Databricks’ executives and product managers largely communicated the definition of data intelligence through demonstrations. One of the more compelling demos showed how Mosaic AI can be used to create an agent that will build a social media campaign, including an image and caption for that campaign, to boost sales.

 

The demo depicted how a user can use transaction data as a tool to supplement a base model, such as Meta’s Llama 3. This demo was key to highlighting one of Databricks’ product announcements, the Shutterstock ImageAI model, which is built on Databricks in partnership with Shutterstock and marks Databricks’ foray into the multimodal model space.

 

The exercise created an image for the fictional social media campaign that included a company’s bestselling product — chosen through transaction data — and a catchy slogan. But to convey the contrast between data intelligence and general intelligence, the demonstrator removed the “intelligence” ― all the data-enabled tools that exist in Unity Catalog ― and generated the image again.

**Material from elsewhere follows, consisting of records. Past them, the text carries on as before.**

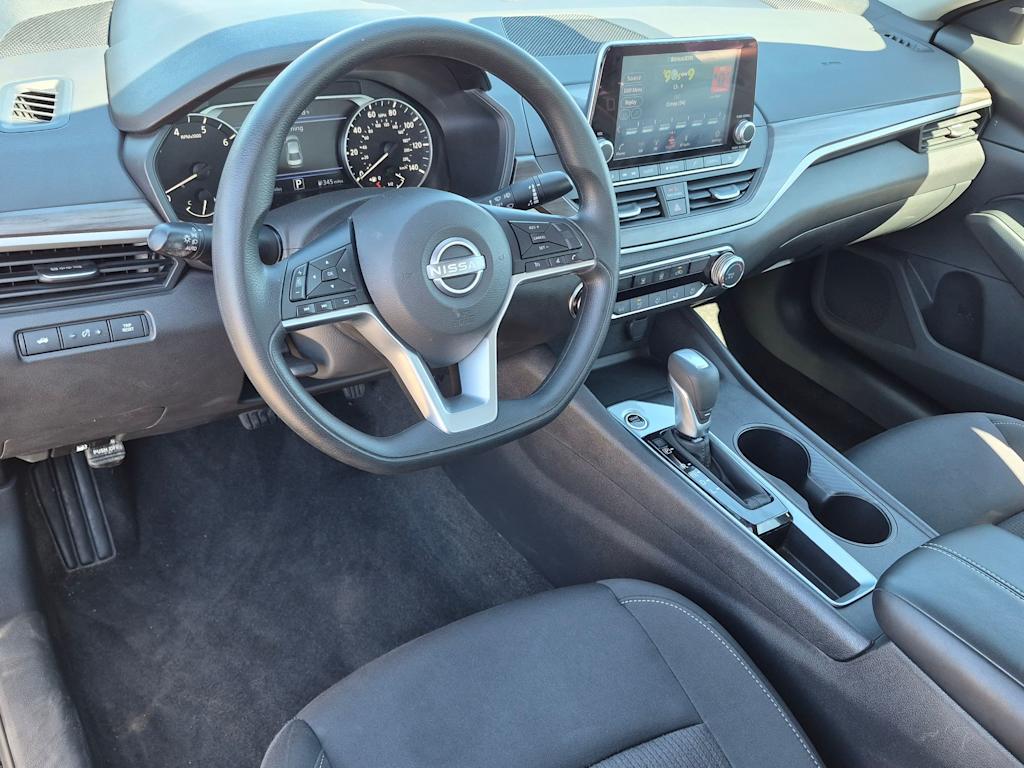 Thumbnail: 2025 Nissan Altima - 2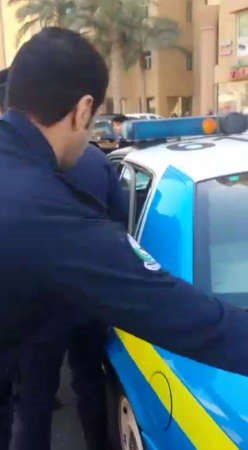 عسكري مخالف كسر زجاج دورية وأهان ضابطاً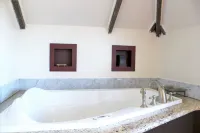 All Suites Whitney Manor Các khách sạn ở Kingston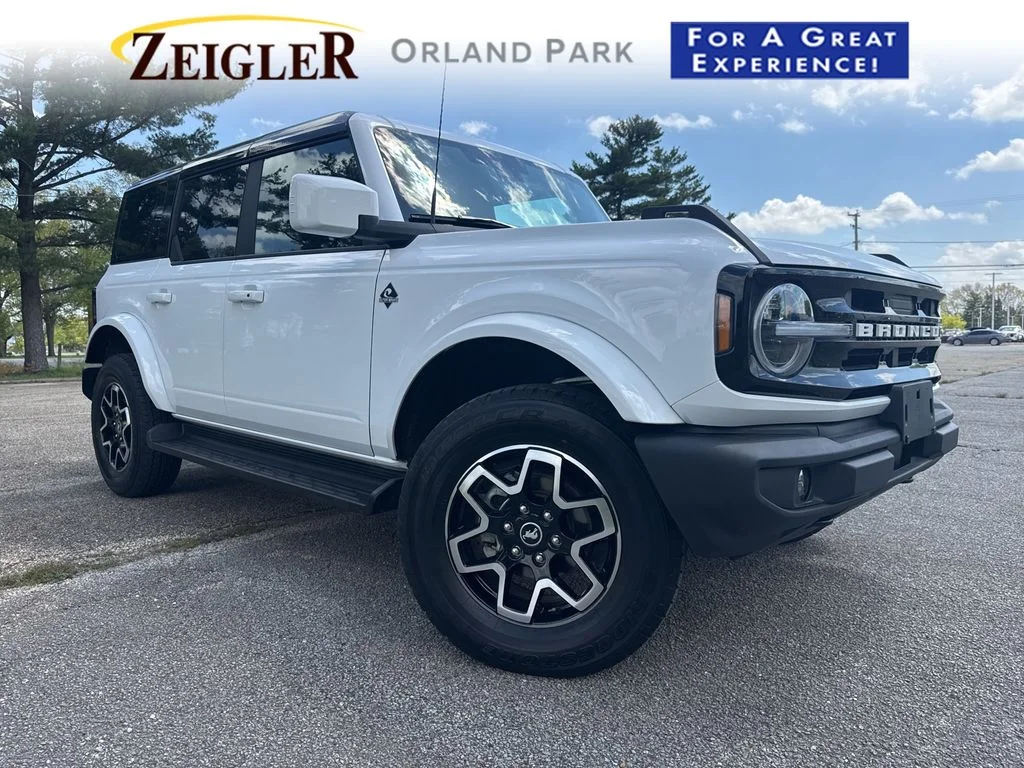 2025 Ford Bronco Outer Banks 4x4's photo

This time, the image did not include the bestselling product and was accompanied by a much more generic logan.

 

This demo reinforced the importance of contextualized data in GenAI and the role of Unity Catalog, which helps govern the data being used, and Mosaic AI, which allows developers to use enterprise data as tools for creating agents (e.g., customer support bots).

 

Data intelligence is about not only the context behind the data but also making that context a reality for the enterprise. For instance, in the above scenario, the demonstrator was able to put the image and slogan into Slack and share it with the marketing team through a single prompt. In this example, it is clear how a customer with Databricks skills could use GenAI in their business.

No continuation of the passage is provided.